AWS Fargate for Running Serverless Applications on Kubernetes

AWS has been promoting serverless computing for many years now. The whole journey started with AWS Lambda, which enables event-driven workflows without you having to worry about server provisioning. Serverless computing removes the need for you to manage the capacity of your servers, letting you specify and pay for the actual consumption of resources per each application.

Extending such serverless computing to containers, AWS introduced AWS Fargate, designed for AWS ECS and EKS services. To set up an ECS or EKS container environment, you generally need to select an appropriate EC2 instance, create a cluster, and manage the scaling capacity for it, which, of course, may cause issues with overprovisioning or underprovisioning. AWS Fargate steps in to handle this for you so that you can concentrate on deploying applications instead of worrying about infrastructure.

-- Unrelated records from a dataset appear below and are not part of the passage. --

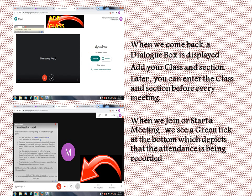Then click the red cross at the top right to go back. A dialog box is displayed — add your class and section. You can enter the class and section before every meeting. When you join or start a meeting, you will see a green tick at the bottom, which indicates that attendance is being recorded.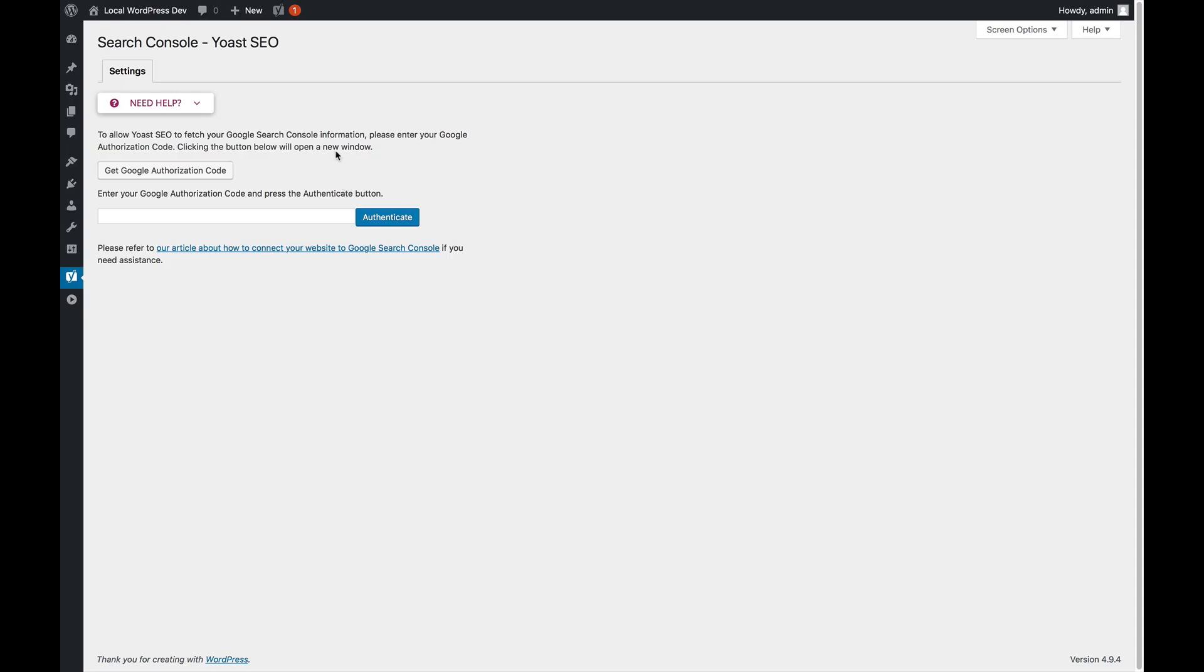We're on the Search Console settings for Yoast SEO. If you have not connected your site to Google Search Console yet, this is what you will see.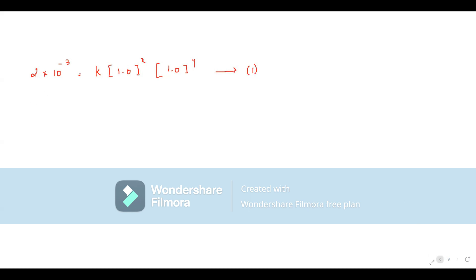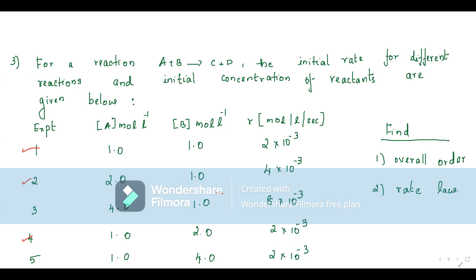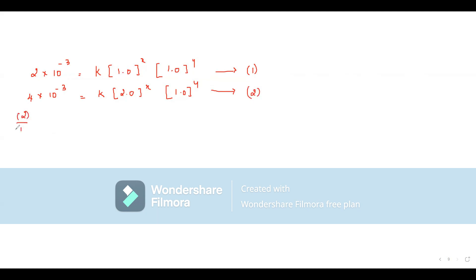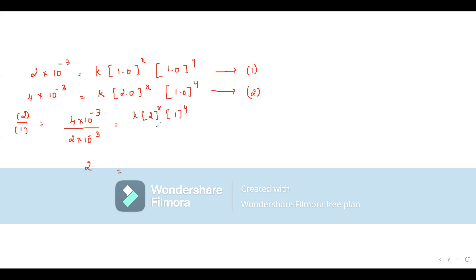Equation 2: A = 2, B = 1, rate = 4 × 10⁻³. So 4 × 10⁻³ = K·(2)ˣ·(1)ʸ — equation 2. Dividing equation 2 by equation 1: 4/2 = 2, and K and (1)ʸ cancel. So 2 = 2ˣ, therefore x = 1.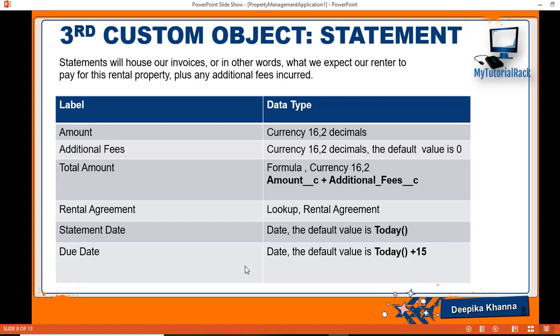We're going to add a couple of fields to this object. The fields would be the amount, the additional fees, and the total amount — so if there is an additional fee the renter has to pay, the total amount will be the sum of the amount plus the additional fees. Then the Statement object will have a lookup relationship to the rental agreement, and a statement date for when the statement was issued.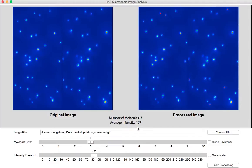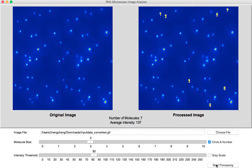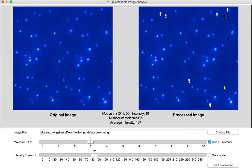Now we can do some advanced processing by circling and numbering those RNA molecules. We check the box circle and number and start processing again. There you go. We can see the 7 single RNA molecules are clearly labeled and circled.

In this article, I will be showing you how AWS Fargate works and how you can build EKS clusters with very simple steps without needing to know it’s internal implementation.

AWS Fargate: How It Works

Figure 1: AWS Fargate (Source: AWS)

As described earlier, you would need to put a lot of effort into defining and configuring EC2 instances without the Fargate solution. But with AWS Fargate, you can just build a container image by configuring how much memory and compute resources your application would need. You don’t even have to worry about the security isolation of the application as it comes by design. 

AWS EKS

AWS EKS is the service for developers looking to use Kubernetes as their container platform to deploy applications. 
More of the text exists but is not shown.